What the exercise asks -
Find the line with "ILIMITO Love T-shirt ILIMITO". Transcribe it and each later line of the data exactly, up to and including the last.

━━━━━ Records for the task

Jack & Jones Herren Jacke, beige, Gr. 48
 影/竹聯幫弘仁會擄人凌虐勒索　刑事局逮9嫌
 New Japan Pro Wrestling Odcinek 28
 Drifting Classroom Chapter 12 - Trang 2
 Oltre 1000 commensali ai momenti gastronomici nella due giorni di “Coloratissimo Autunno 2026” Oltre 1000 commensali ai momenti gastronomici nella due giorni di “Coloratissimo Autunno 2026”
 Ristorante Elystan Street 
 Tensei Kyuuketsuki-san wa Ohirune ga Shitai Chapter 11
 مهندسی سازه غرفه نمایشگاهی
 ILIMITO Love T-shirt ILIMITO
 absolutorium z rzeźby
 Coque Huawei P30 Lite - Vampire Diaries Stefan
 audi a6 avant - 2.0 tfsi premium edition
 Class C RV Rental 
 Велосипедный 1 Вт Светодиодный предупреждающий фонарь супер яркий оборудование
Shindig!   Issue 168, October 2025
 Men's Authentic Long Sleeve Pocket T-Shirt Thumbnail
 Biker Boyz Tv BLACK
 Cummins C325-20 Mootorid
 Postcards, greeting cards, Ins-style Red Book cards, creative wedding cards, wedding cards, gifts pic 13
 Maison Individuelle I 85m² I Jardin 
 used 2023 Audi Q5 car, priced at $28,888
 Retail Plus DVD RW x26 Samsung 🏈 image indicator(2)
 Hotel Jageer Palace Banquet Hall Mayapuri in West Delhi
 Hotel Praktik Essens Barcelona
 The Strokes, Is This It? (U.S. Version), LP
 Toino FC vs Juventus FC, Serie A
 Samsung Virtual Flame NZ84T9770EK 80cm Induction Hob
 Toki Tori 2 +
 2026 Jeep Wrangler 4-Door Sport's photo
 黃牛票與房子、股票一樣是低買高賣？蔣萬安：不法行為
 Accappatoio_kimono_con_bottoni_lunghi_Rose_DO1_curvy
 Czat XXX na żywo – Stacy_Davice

━━━━━━━━━━

Expected answer -
 ILIMITO Love T-shirt ILIMITO
 absolutorium z rzeźby
 Coque Huawei P30 Lite - Vampire Diaries Stefan
 audi a6 avant - 2.0 tfsi premium edition
 Class C RV Rental 
 Велосипедный 1 Вт Светодиодный предупреждающий фонарь супер яркий оборудование
Shindig!   Issue 168, October 2025
 Men's Authentic Long Sleeve Pocket T-Shirt Thumbnail
 Biker Boyz Tv BLACK
 Cummins C325-20 Mootorid
 Postcards, greeting cards, Ins-style Red Book cards, creative wedding cards, wedding cards, gifts pic 13
 Maison Individuelle I 85m² I Jardin 
 used 2023 Audi Q5 car, priced at $28,888
 Retail Plus DVD RW x26 Samsung 🏈 image indicator(2)
 Hotel Jageer Palace Banquet Hall Mayapuri in West Delhi
 Hotel Praktik Essens Barcelona
 The Strokes, Is This It? (U.S. Version), LP
 Toino FC vs Juventus FC, Serie A
 Samsung Virtual Flame NZ84T9770EK 80cm Induction Hob
 Toki Tori 2 +
 2026 Jeep Wrangler 4-Door Sport's photo
 黃牛票與房子、股票一樣是低買高賣？蔣萬安：不法行為
 Accappatoio_kimono_con_bottoni_lunghi_Rose_DO1_curvy
 Czat XXX na żywo – Stacy_Davice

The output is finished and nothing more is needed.